In August, the American Bar Association’s Task Force released its final report in a series of working papers on the Future of Legal Education. The Task Force, which was commissioned in July 2012, sought to highlight the problems that the nation’s law schools and the American legal profession are faced with today—rising tuitions, staggering student debt, a decreasing pool of law school applicants and limited job opportunities for graduates—and to articulate the facts that will help build a consensus for change, test hypotheses, and scrutinize recommendations. The resulting working paper states that it will serve as “a field manual for people of good faith who wish to improve legal education as a public and private good.” In determining recommendations for reshaping legal education, the ABA’s Task Force identified six “fundamental and widely shared values” for law schools and state bar associations to:
- Meet society’s needs to deliver legal education in the United States;
- Decentralize access for those who want to obtain a legal education;
- Minimize obstacles for those who wish to build a career in the legal profession;
- Provide appropriate legal education programs for public good;
- Provide appropriate legal education for private good; and
- Consider other ways of providing public good, with the understanding that law schools are not the sole providers of legal education.

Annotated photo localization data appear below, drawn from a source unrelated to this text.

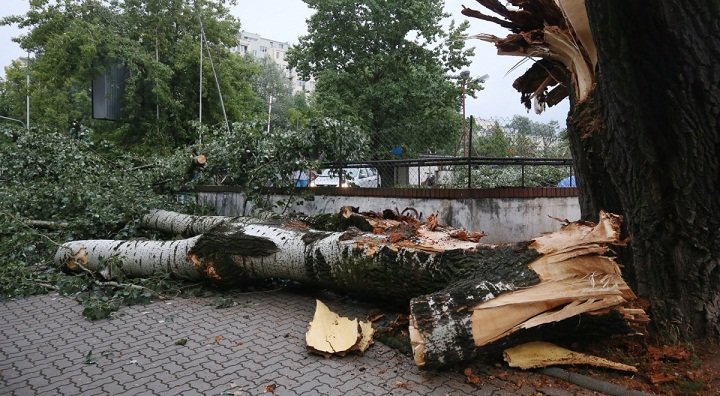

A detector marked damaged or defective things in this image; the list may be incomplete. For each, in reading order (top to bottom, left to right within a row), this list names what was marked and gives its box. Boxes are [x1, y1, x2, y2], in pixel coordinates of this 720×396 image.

splintered wood [306, 298, 374, 358]
splintered wood [506, 342, 636, 372]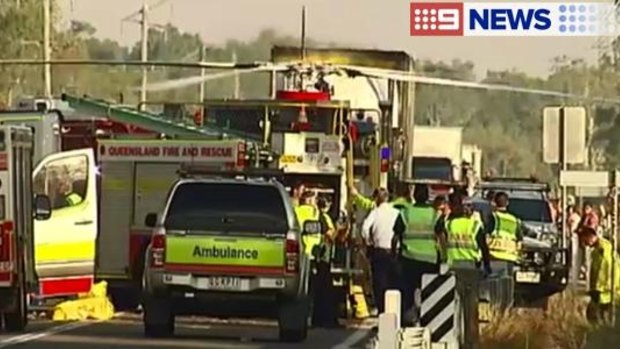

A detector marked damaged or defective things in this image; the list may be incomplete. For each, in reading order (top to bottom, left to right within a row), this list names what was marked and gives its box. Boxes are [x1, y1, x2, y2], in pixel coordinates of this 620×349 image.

burnt truck [474, 177, 572, 308]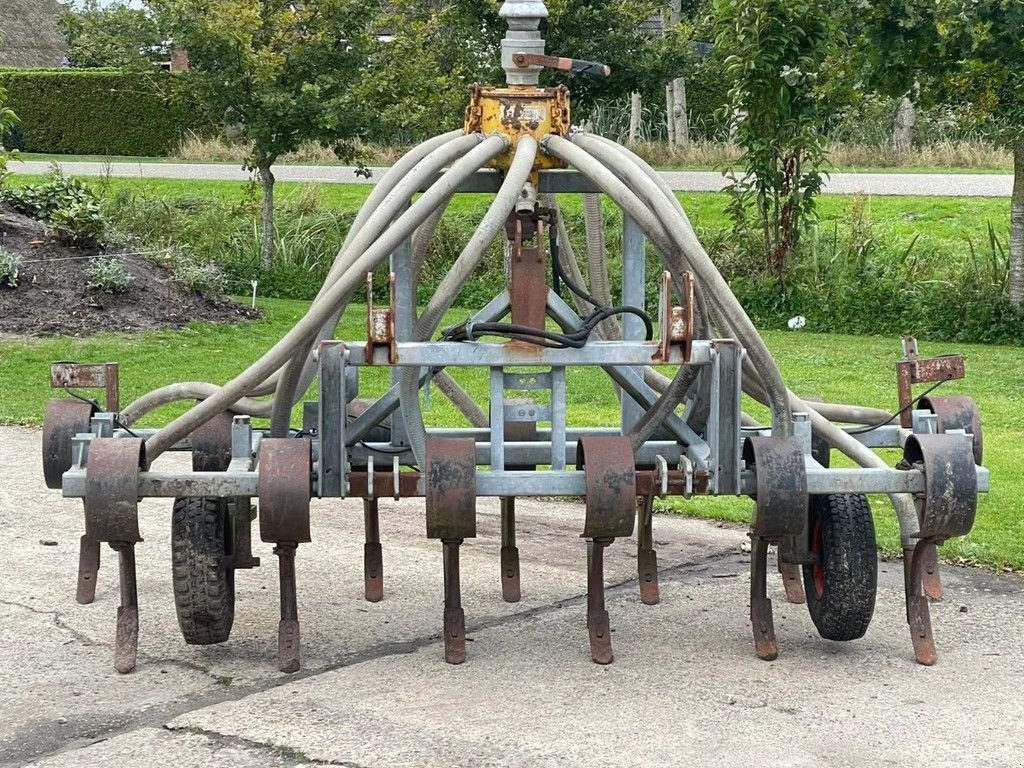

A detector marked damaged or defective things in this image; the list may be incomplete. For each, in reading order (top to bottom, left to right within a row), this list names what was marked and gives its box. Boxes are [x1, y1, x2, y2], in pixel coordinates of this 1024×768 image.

rusted yellow paint [462, 84, 569, 171]
rusted metal plate [41, 399, 94, 489]
curved rusty tine [42, 399, 94, 489]
rusted metal plate [83, 438, 144, 548]
rusted metal plate [190, 411, 234, 473]
curved rusty tine [190, 411, 234, 473]
rusted metal plate [260, 438, 311, 548]
rusted metal plate [423, 438, 475, 540]
rusted metal plate [581, 438, 634, 540]
rusted metal plate [745, 438, 806, 540]
rusty metal bracket [897, 335, 966, 430]
rusted metal plate [905, 434, 974, 540]
rusted metal plate [921, 393, 983, 466]
rusty tine [75, 536, 100, 606]
curved rusty tine [86, 438, 145, 671]
rusty tine [110, 544, 138, 675]
curved rusty tine [260, 438, 311, 671]
rusty metal bracket [260, 438, 311, 671]
rusty tine [274, 544, 301, 675]
rusty tine [366, 495, 385, 606]
curved rusty tine [366, 499, 385, 606]
curved rusty tine [421, 442, 473, 663]
rusty tine [444, 536, 468, 663]
rusty tine [501, 499, 524, 606]
curved rusty tine [501, 499, 524, 606]
rusty tine [589, 536, 610, 663]
curved rusty tine [589, 536, 610, 663]
curved rusty tine [581, 438, 634, 667]
curved rusty tine [634, 493, 659, 606]
rusty tine [634, 493, 659, 606]
curved rusty tine [749, 536, 778, 663]
rusty tine [749, 540, 778, 663]
curved rusty tine [745, 438, 806, 663]
curved rusty tine [778, 540, 802, 606]
curved rusty tine [905, 544, 937, 663]
rusty tine [905, 548, 937, 667]
curved rusty tine [901, 436, 978, 663]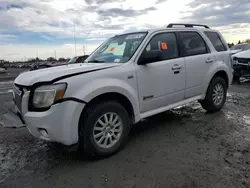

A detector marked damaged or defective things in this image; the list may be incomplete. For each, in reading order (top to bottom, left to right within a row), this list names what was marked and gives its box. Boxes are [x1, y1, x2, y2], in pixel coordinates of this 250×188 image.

damaged hood [14, 63, 121, 86]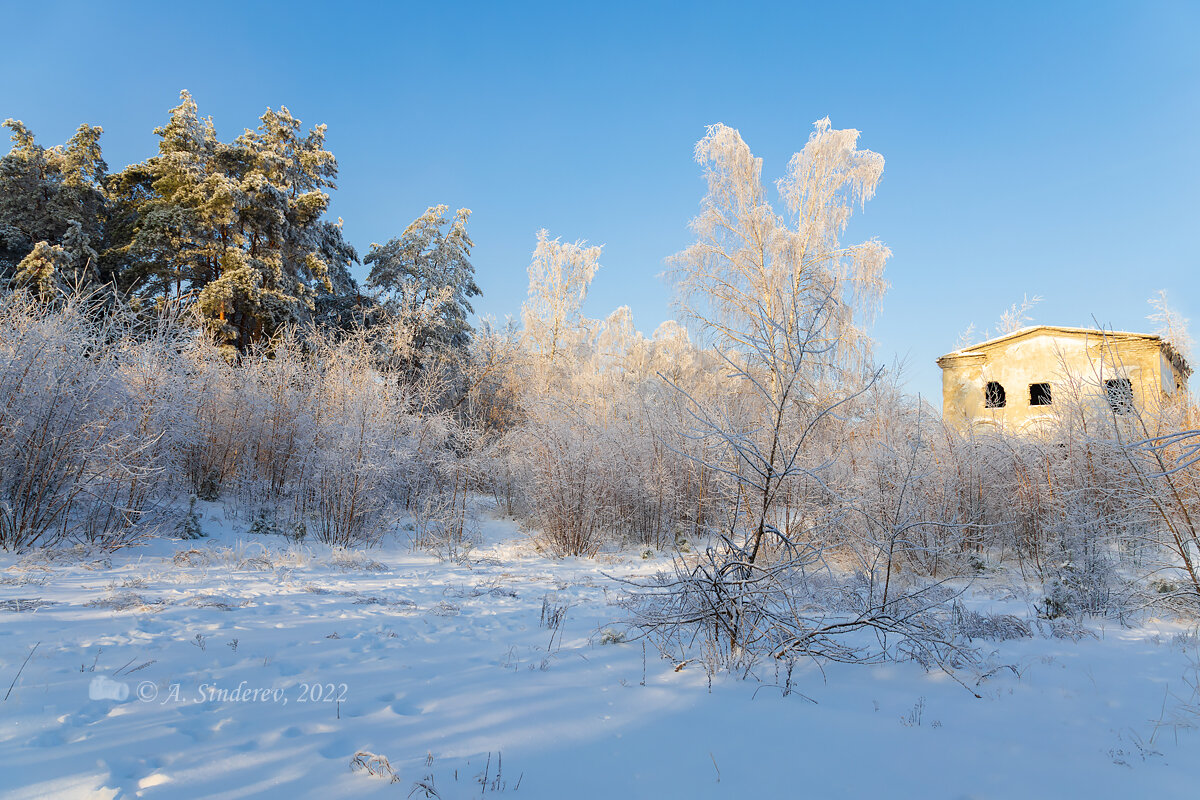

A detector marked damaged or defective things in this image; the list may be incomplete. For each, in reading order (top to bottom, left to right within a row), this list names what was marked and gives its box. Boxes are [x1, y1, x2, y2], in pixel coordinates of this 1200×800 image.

broken window [984, 381, 1003, 407]
broken window [1027, 383, 1056, 407]
broken window [1104, 376, 1132, 412]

The report emphasized the urgent need for change in our nation’s legal education. As James B. Kobak, Jr., a Task Force member, commented, “The overall idea [of this report] was to free law schools to be more innovative and get away from the one-size-fits-all model.”
As reported in a recent New York Times article by Task Force Chairman Randall T. Shepard, the most controversial topics amongst task force members pertained to financing legal education and setting standards for accreditation. Shepard said that “There were very prickly long discussions about whether the language in the report accurately describes the situation. […] there was a real disagreement […] on the list of items in the accreditation standards that we thought should be liberalized or eliminated.”
The use of nonlawyer practitioners, however, sparked little controversy, Shepard reported. Task Force members “were so impressed by Washington State’s experiment with limited-license legal technicians, trained and licensed to handle certain civil legal matters. That program’s success has led to an expansion to practitioners for domestic relations, an area in which many of those who come to court are now unrepresented.”
Among the Task Force’s key recommendations were increased collaboration, better assessment of existing programs, incentives for innovation, a revitalized faculty culture, the acceptance of risk-taking, flexibility, and diversity of purpose. The report is still in draft form; it will be circulated for comment and then discussed at the ABA’s 2013 meeting. If the report is accepted, it will serve as a set of recommendations rather than a binding set of rules for law schools and state bar associations.